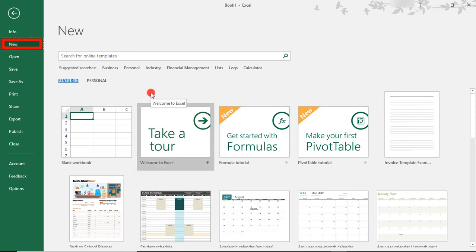Now, please note that you can't use Ctrl N to access the templates this easily. Using Ctrl N will just give you a blank workbook. It's not going to bring up these options.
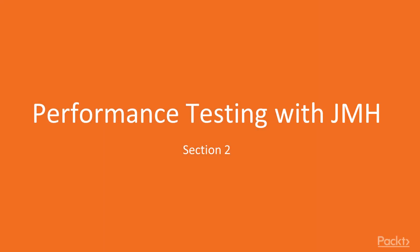Hi, this is the second section of high performance in Java 9. We'll be looking at performance testing with JMH. Performance testing is very important when we want to create high performance programs, because until we test our code, we don't know if it's performant or not.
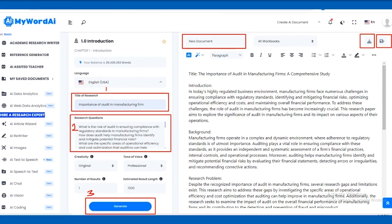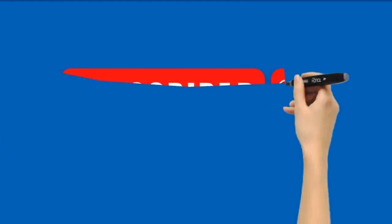Review the generated introduction and make any necessary edits or revisions. Save the document to your account or download it as a file.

WHAT YOU WILL DO -
Return the data exactly. Do not carry over any images.

TASK ANSWER -
Now, please note that you can't use Ctrl N to access the templates this easily. Using Ctrl N will just give you a blank workbook. It's not going to bring up these options.
Hi, this is the second section of high performance in Java 9. We'll be looking at performance testing with JMH. Performance testing is very important when we want to create high performance programs, because until we test our code, we don't know if it's performant or not.
Review the generated introduction and make any necessary edits or revisions. Save the document to your account or download it as a file.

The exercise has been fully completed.